Upload DOS files and parse #
The first step is to upload the required files from your DFT simulation. The upload panel indicates which files can be provided. In this section, you are also asked to provide the Fermi energy. If the Fermi energy is given, the plot will automatically shift the energies so that the Fermi level is set to zero.
After selecting files, click Parse to load the data.
Review generated DOS report cards #
After parsing, the page generates report cards that summarize key results. You can expect values such as bandgap, material type, Fermi value, lattice parameters, angles, volume, and density. If the simulation is spin-polarized and the bandgaps differ between channels, the reports include values for each spin channel.
If you want this report in different units, use the Units panel in the right sidebar.
Step 2: Limits #
Limits
Click Plot to generate a baseline figure, then refine the view with Limits in the right sidebar.
In DOS, this panel controls both energy and DOS-state windows. When you set energy limits, DOS-state limits update automatically to the selected energy window.
Navigation
Use the zoom sliders to focus on selected energy and DOS ranges. Drag slider handles to zoom in or out, and move the selected window to inspect different regions of the projected curves.
Step 3: Add filters and choose colormap controls #
Click Add Filter to create a projection trace. Then select the ion/orbital contributions you want to show in the projection table.
In the filter card, set coloring mode to Colormap, choose a colormap (for example viridis), and tune vmin/vmax to control how projection weights map to color intensity.
It is always a good idea to check your generated figure and colorbar for color blindness accessibility. You can download a PNG and upload it to a simulator such as Coblis Color Blindness Simulator.
The colormap dropdown is searchable, so you can quickly find maps by name. For examples and guidance, see the Matplotlib colormap reference: Matplotlib Colormaps. If you want the opposite gradient direction, enable the Reverse checkbox.
In the filter Coloring panel, Opacity controls transparency
(0 = fully transparent, 1 = fully opaque). Plotting order (z-order)
controls which filters are drawn on top when they overlap: higher values are rendered above lower
values, while auto lets the app choose the order.
In the Values/Spins panel, the Normalize checkbox only rescales projected intensities for plotting; it is not quantum-mechanical normalization. The values depend on the selected projection basis and projection-sphere radii used in the simulation. With Auto enabled, vmin and vmax are set from the minimum and maximum projection values found in the selected input data. If the calculation is spin-polarized, this panel also shows Spin Up and Spin Down checkboxes, which you can use to include either channel alone or both channels in that filter.
Step 4: Example projection for SrTiO3 #
In this example, we use one filter, the p orbital of the Oxygen atoms. For colormap, we use
viridis.
Legend labels can be entered manually, or you can leave them blank and use auto-generated labels based on the selected ions/orbitals.
After adjusting the selected filters click on plot to generate the projected DOS figure.

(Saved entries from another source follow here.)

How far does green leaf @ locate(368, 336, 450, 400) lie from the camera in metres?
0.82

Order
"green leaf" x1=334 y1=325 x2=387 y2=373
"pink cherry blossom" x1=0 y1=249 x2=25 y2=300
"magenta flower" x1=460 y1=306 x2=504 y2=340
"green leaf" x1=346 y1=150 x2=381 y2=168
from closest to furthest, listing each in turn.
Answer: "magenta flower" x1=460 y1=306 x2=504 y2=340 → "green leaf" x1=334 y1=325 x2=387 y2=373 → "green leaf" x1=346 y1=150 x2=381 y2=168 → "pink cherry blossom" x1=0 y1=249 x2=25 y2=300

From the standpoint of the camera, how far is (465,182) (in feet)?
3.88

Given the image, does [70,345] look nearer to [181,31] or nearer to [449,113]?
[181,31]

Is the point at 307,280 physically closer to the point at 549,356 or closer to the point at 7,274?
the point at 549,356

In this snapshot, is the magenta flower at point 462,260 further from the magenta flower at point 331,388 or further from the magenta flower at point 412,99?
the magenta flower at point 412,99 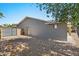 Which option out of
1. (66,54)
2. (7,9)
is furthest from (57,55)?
(7,9)

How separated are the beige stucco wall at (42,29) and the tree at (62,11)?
A: 0.14 meters

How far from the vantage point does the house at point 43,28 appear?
423 centimetres

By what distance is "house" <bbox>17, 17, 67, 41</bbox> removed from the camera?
4227 mm

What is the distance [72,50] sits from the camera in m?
4.22

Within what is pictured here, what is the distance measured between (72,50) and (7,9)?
1223 mm

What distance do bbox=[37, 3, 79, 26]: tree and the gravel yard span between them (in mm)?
384

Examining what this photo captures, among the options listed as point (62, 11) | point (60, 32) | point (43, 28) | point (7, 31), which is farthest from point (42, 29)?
point (7, 31)

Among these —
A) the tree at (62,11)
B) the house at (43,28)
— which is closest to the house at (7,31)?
the house at (43,28)

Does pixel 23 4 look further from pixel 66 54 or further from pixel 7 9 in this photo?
pixel 66 54

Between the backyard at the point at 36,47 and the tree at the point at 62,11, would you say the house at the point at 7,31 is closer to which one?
the backyard at the point at 36,47

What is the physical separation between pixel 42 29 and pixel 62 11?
433mm

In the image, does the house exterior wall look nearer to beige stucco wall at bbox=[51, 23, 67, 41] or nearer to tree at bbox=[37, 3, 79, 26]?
beige stucco wall at bbox=[51, 23, 67, 41]

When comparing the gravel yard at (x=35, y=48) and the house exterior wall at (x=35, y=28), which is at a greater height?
the house exterior wall at (x=35, y=28)

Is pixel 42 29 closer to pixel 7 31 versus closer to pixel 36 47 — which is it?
pixel 36 47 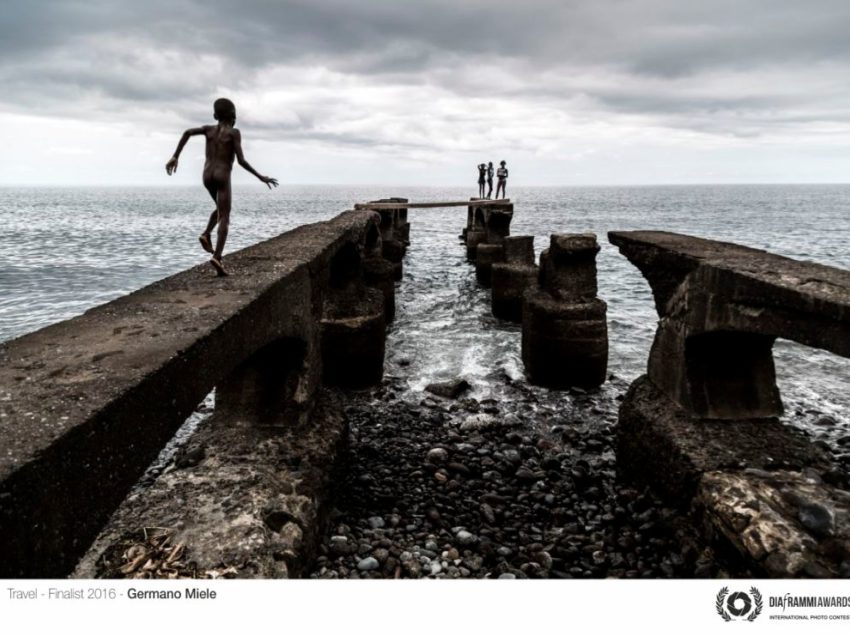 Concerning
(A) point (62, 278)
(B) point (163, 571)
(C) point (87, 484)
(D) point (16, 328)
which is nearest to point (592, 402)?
(B) point (163, 571)

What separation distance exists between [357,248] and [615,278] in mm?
19677

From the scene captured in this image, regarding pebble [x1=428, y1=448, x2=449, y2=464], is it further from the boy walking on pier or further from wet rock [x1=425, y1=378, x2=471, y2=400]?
the boy walking on pier

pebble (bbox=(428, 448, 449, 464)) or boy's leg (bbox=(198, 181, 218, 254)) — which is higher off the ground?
boy's leg (bbox=(198, 181, 218, 254))

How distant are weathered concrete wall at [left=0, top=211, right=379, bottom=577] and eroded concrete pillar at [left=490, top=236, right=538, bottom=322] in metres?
12.2

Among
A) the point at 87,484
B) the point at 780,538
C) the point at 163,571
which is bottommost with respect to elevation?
the point at 163,571

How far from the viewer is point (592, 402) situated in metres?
10.8

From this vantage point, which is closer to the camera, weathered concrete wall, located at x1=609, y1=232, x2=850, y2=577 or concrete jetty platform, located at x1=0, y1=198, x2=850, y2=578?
concrete jetty platform, located at x1=0, y1=198, x2=850, y2=578

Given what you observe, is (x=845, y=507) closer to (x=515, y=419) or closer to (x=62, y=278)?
(x=515, y=419)

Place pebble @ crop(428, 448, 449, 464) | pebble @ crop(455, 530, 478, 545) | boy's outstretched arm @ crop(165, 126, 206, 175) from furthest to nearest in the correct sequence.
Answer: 1. pebble @ crop(428, 448, 449, 464)
2. pebble @ crop(455, 530, 478, 545)
3. boy's outstretched arm @ crop(165, 126, 206, 175) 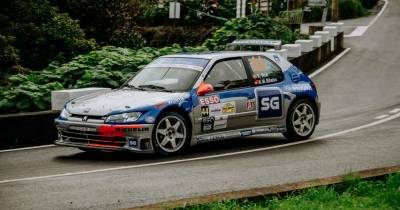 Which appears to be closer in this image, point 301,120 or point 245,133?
point 245,133

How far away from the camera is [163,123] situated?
1205 centimetres

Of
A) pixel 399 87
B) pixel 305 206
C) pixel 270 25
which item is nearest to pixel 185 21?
pixel 270 25

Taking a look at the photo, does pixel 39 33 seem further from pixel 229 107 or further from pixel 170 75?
pixel 229 107

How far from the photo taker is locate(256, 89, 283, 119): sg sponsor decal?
1331 centimetres

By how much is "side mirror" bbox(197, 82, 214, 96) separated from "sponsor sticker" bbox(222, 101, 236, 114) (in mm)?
315

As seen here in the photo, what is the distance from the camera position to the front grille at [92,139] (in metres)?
11.8

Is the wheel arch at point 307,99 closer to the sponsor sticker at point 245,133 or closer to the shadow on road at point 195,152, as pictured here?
the shadow on road at point 195,152

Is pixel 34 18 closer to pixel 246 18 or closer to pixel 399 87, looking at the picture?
pixel 246 18

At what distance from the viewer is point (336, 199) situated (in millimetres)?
8188

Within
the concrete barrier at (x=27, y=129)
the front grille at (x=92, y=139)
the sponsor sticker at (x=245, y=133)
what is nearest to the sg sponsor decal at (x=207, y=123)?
the sponsor sticker at (x=245, y=133)

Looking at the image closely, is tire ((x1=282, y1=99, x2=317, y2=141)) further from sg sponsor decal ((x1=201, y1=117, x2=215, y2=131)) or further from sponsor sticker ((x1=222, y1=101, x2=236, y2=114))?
sg sponsor decal ((x1=201, y1=117, x2=215, y2=131))

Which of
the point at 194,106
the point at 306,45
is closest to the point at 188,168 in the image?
the point at 194,106

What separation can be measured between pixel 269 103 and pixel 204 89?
4.41 ft

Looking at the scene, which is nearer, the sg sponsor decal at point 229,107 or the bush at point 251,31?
the sg sponsor decal at point 229,107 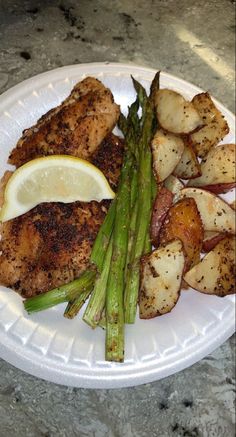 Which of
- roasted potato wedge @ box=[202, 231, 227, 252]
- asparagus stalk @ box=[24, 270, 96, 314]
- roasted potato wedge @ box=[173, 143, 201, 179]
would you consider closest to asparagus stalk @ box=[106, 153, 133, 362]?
asparagus stalk @ box=[24, 270, 96, 314]

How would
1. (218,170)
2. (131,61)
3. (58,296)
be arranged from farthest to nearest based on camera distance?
(131,61) → (218,170) → (58,296)

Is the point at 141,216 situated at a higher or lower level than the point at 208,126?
lower

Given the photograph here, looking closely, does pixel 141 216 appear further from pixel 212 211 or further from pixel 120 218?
pixel 212 211

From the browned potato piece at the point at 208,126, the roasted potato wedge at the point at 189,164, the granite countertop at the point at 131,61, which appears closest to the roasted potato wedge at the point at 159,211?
the roasted potato wedge at the point at 189,164

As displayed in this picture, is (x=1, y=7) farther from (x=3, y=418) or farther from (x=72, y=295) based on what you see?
(x=3, y=418)

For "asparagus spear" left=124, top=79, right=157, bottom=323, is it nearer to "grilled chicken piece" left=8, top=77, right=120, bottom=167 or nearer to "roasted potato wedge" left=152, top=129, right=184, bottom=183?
"roasted potato wedge" left=152, top=129, right=184, bottom=183

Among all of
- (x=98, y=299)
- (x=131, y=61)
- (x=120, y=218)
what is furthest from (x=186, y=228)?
(x=131, y=61) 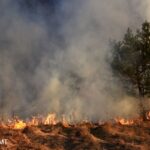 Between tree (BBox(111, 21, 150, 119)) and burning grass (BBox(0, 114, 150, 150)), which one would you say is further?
tree (BBox(111, 21, 150, 119))

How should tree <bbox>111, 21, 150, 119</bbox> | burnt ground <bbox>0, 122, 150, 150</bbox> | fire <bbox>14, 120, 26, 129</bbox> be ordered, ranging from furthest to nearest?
tree <bbox>111, 21, 150, 119</bbox> → fire <bbox>14, 120, 26, 129</bbox> → burnt ground <bbox>0, 122, 150, 150</bbox>

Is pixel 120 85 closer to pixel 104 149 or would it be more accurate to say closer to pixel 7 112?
pixel 7 112

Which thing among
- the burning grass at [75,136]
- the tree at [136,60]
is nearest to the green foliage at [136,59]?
the tree at [136,60]

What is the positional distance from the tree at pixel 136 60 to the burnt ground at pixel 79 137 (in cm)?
743

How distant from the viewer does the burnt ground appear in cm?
1616

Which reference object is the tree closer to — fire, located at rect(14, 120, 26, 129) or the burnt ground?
the burnt ground

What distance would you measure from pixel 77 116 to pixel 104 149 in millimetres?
11541

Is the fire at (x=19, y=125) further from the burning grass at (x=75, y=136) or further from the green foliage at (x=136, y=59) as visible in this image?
the green foliage at (x=136, y=59)

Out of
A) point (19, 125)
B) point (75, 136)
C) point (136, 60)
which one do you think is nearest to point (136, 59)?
point (136, 60)

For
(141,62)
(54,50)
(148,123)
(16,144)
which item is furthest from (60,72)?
(16,144)

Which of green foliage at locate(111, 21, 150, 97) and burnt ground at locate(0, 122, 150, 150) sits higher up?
green foliage at locate(111, 21, 150, 97)

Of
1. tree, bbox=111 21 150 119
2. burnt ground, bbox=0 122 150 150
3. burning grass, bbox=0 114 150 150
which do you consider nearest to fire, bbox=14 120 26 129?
burning grass, bbox=0 114 150 150

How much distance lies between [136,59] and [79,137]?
33.0ft

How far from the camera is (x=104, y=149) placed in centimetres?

Step 5: Show and tune legend and colorbar settings #
The legend tile inside each filter card still controls per-filter legend styling, including label text, color, weight, and style. If you leave the label empty, DFT Hub can auto-generate the label from the selected projection.
The Color bar panel in the right sidebar controls global colorbar settings,
including position and layout options such as loc X. and loc Y..

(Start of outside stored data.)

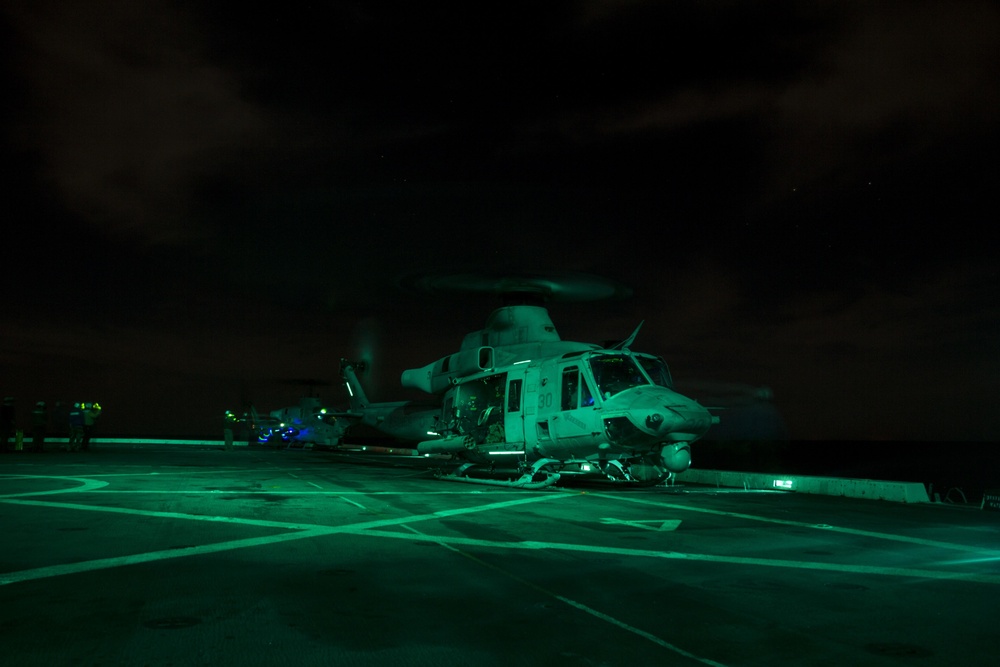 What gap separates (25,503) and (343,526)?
5.75 meters

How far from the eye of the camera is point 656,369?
55.3 feet

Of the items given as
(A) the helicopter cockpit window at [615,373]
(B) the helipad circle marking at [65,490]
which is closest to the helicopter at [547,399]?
(A) the helicopter cockpit window at [615,373]

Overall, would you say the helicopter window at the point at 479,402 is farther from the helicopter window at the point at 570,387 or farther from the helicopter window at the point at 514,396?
the helicopter window at the point at 570,387

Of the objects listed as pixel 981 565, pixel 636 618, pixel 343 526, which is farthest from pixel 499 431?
pixel 636 618

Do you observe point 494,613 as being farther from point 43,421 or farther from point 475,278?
point 43,421

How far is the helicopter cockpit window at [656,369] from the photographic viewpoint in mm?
16606

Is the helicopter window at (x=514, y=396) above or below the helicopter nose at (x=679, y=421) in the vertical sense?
above

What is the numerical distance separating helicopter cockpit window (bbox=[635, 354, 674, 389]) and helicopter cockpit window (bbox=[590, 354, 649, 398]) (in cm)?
29

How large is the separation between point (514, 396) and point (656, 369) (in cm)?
359

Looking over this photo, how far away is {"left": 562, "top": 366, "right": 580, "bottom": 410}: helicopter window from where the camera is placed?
16.5 m

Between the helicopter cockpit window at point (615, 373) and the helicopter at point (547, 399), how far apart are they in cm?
2

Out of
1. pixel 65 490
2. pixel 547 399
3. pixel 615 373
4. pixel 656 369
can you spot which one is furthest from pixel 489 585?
pixel 65 490

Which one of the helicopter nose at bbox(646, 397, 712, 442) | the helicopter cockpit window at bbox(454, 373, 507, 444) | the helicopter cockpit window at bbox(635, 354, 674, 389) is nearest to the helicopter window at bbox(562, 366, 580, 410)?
the helicopter cockpit window at bbox(635, 354, 674, 389)

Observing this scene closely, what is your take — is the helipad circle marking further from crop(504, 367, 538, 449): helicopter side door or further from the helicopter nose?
the helicopter nose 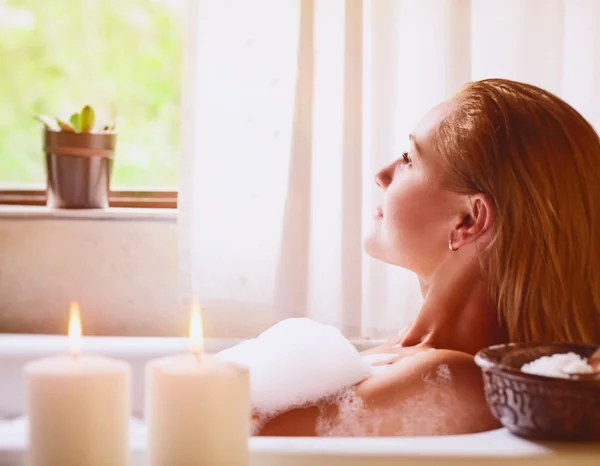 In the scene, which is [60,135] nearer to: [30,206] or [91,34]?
[30,206]

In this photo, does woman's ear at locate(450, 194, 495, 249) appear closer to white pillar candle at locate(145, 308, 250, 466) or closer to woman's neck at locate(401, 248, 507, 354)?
woman's neck at locate(401, 248, 507, 354)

In the Color bar panel, Bar settings control placement and size
(Loc. X, Loc. Y, orientation, length, width, and gap), while
Text settings control readability (label font style, numeric precision, and text gap).
There are two color bar modes you can use in the figure: calculable and non-calculable. The calculable mode is useful for interactive analysis in the web app, while the non-calculable mode is often preferred for publication-ready figures. When Calculable is enabled, you can include or exclude DOS projections above or below a threshold by dragging the color bar edges.

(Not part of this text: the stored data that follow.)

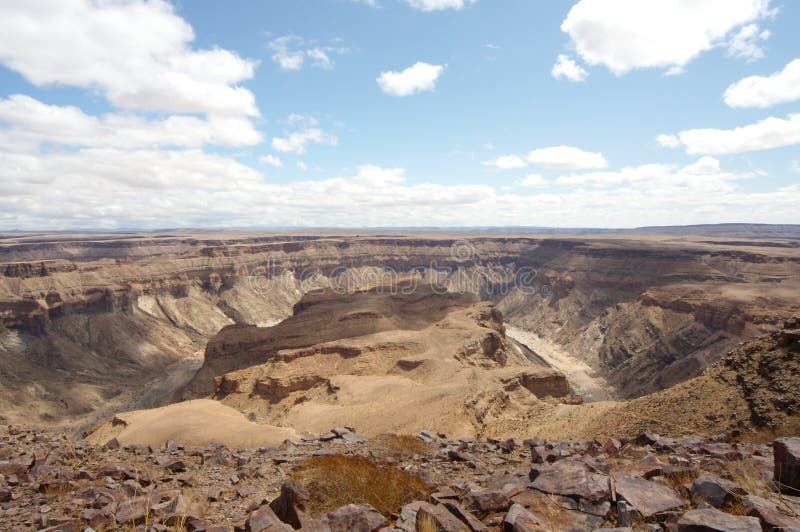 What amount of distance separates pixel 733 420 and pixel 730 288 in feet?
211

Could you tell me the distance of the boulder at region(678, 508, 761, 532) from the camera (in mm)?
5445

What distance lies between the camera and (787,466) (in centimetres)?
714

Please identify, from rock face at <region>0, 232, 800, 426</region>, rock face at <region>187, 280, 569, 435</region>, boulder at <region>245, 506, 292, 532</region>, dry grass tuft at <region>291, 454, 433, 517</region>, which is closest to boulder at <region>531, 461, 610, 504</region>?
dry grass tuft at <region>291, 454, 433, 517</region>

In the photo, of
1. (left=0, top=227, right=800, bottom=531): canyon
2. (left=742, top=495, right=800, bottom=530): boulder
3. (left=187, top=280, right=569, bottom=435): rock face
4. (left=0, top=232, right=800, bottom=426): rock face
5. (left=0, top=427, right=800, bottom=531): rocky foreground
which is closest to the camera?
(left=742, top=495, right=800, bottom=530): boulder

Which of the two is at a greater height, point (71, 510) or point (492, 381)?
point (71, 510)

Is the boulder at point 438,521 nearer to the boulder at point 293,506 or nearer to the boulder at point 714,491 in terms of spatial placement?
the boulder at point 293,506

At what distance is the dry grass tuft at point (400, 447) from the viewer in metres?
13.6

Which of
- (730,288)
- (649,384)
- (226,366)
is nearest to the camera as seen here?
(226,366)

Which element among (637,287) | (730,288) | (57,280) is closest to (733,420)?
(730,288)

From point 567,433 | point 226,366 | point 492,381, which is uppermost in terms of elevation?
point 567,433

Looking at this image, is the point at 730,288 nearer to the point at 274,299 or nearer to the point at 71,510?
the point at 71,510

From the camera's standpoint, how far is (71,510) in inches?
366

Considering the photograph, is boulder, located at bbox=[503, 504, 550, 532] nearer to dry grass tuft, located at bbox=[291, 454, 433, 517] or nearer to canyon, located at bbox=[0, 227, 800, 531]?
canyon, located at bbox=[0, 227, 800, 531]

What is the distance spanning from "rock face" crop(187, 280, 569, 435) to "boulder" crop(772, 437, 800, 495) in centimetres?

You can select different preset arrangements for color bar placement. The web app can automatically
choose both the bar length and location. If you switch to a custom position, the Loc X. and
Loc Y. fields become active and are prefilled from the latest automatically generated values.
To enable border, tick, and value display settings, uncheck the Calculable checkbox.
Step 6: Customization and styling #
For axis, legend, font, colors, and other appearance controls, use the right sidebar and see the full settings reference in Plot Settings.